Did you like "Recent Advances in the Analytical Chemistry of the Noble Metals" ?. Is the publishing date a recent one?. Anything "new" in it, like the more accurate balances, ICP, etc ?.


----------



## goldsilverpro (Jul 31, 2011)

HAuCl4 said:


> Did you like "Recent Advances in the Analytical Chemistry of the Noble Metals" ?. Is the publishing date a recent one?. Anything "new" in it, like the more accurate balances, ICP, etc ?.

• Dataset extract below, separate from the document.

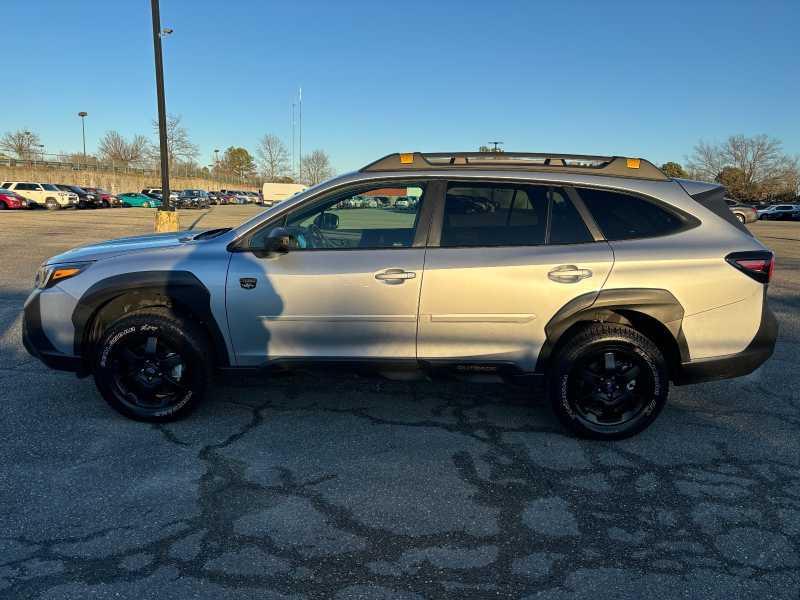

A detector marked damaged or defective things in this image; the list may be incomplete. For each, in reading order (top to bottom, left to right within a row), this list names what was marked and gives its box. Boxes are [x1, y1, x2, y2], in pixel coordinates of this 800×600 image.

cracked pavement [1, 209, 800, 596] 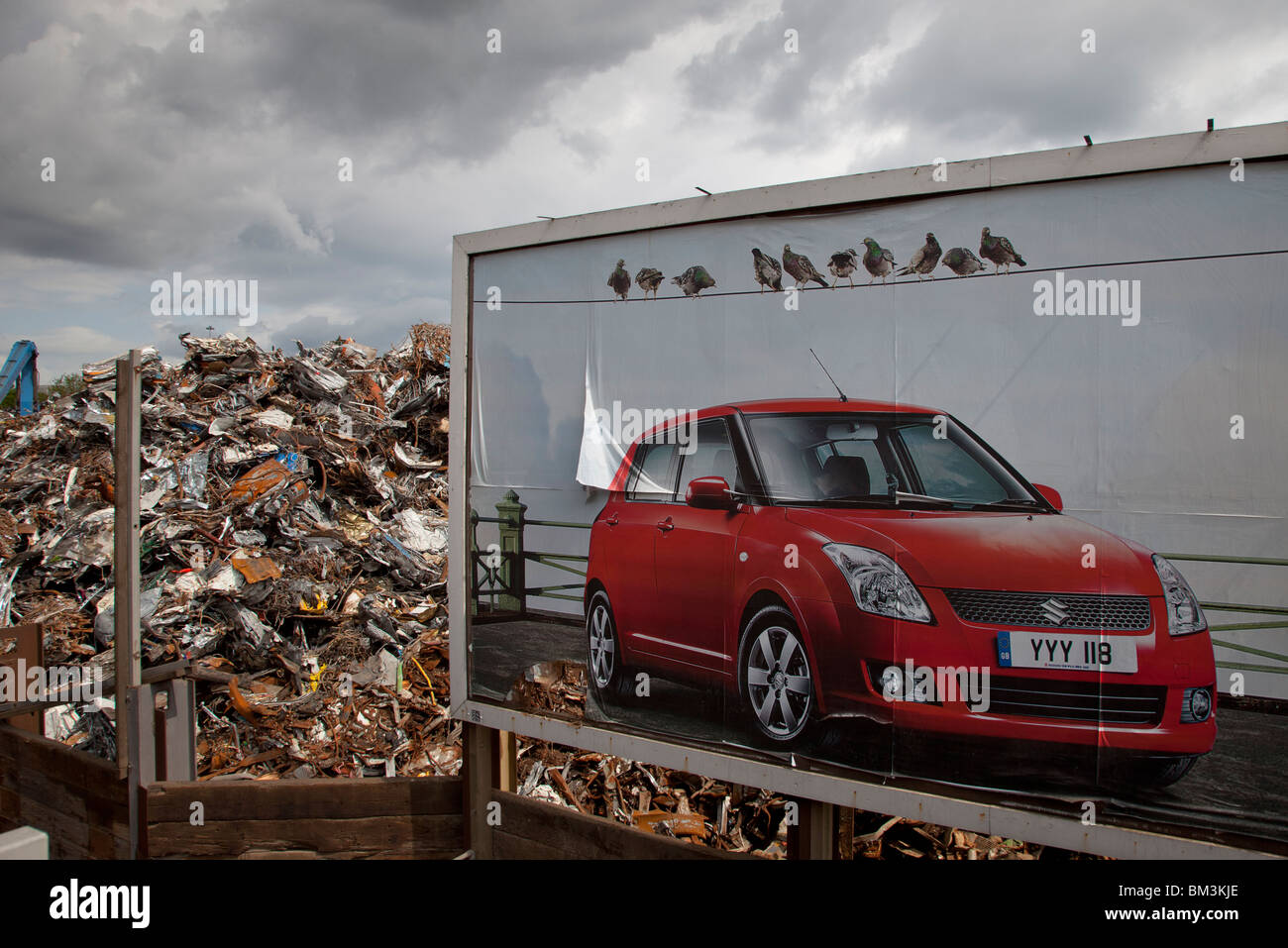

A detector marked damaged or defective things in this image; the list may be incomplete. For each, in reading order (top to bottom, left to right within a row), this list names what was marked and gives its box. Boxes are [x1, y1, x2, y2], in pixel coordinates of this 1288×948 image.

I doubt it. I think it was published in about 1966 (edited - it was 1972). I haven't received it yet, since it's coming from the UK. I once owned a photocopy of Beamish's 600+ page "Analytical Chemistry of the Noble Metals", (a different book that Van Loon didn't participate in) though, and it was excellent. It was published about the same time. I've looked for a copy of it but have had no luck. I presently own the Beamish/Van Loon "Analysis of Noble Metals - Overview and Selected Methods" - 1977 - 325 pp. It's sort of a summary of some of the stuff in the longer books and I tend to use it quite often.


----------



## HAuCl4 (Jul 31, 2011)

OK. Thanks. If you see any new good stuff, please do keep us posted. I can see the publishing dates for the books go back to the 1970s metal prices boom. Most of the new equipment that exists today wasn't available then.


----------



## goldsilverpro (Jul 31, 2011)

HAuCl4 said:


> Most of the new equipment that exists today wasn't available then.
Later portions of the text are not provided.